» **What the task asks**
Write the records out exactly, so that no picture remains in the copy.

» **Source material**
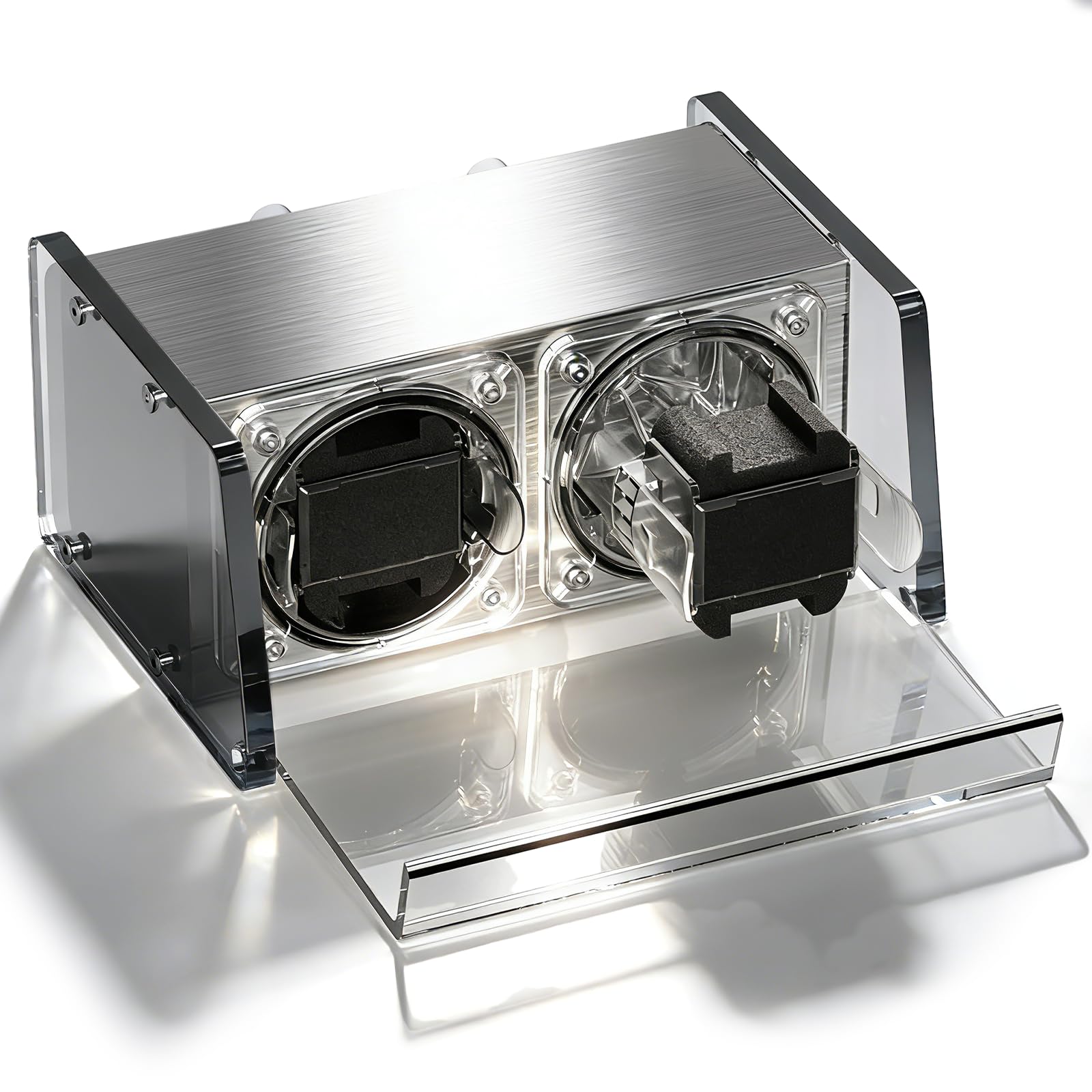 Watch Winder Motor – watchwindersmith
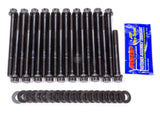 Auto Racing Products GM 6.2L LT1 Head Bolt Kit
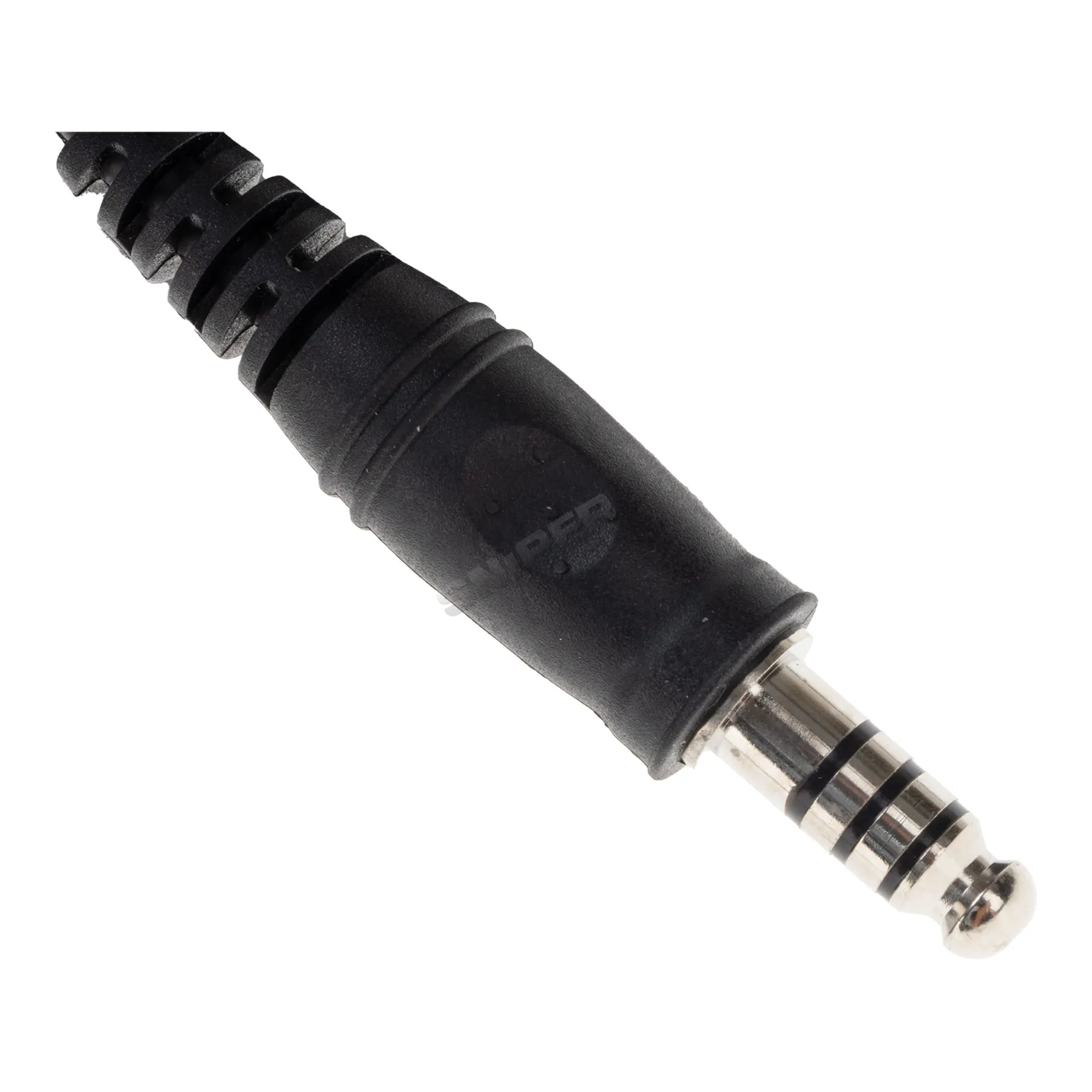 Z-Tactical Com III Headset, OD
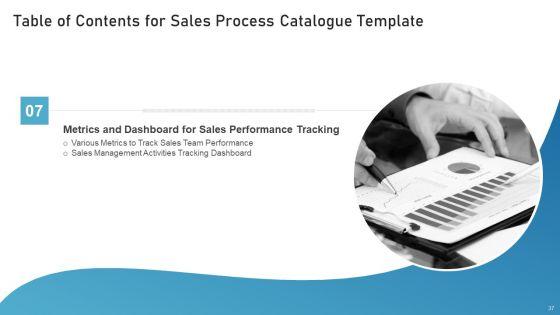 Sales_Process_Catalogue_Template_Ppt_PowerPoint_Presentation_Complete_Deck_With_Slides_Slide_37.jpg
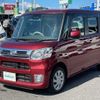 daihatsu tanto 2016 CFJ1813277 image 5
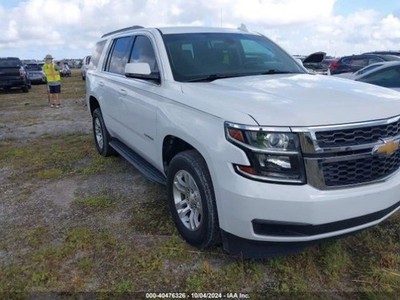 Speedometer MPH And KPH 4.20'' Display Opt Udd Fits 18-20 SUBURBAN 1500 1924031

» **Your response**
 Watch Winder Motor – watchwindersmith
 Auto Racing Products GM 6.2L LT1 Head Bolt Kit
 Z-Tactical Com III Headset, OD
 Sales_Process_Catalogue_Template_Ppt_PowerPoint_Presentation_Complete_Deck_With_Slides_Slide_37.jpg
 daihatsu tanto 2016 CFJ1813277 image 5
 Speedometer MPH And KPH 4.20'' Display Opt Udd Fits 18-20 SUBURBAN 1500 1924031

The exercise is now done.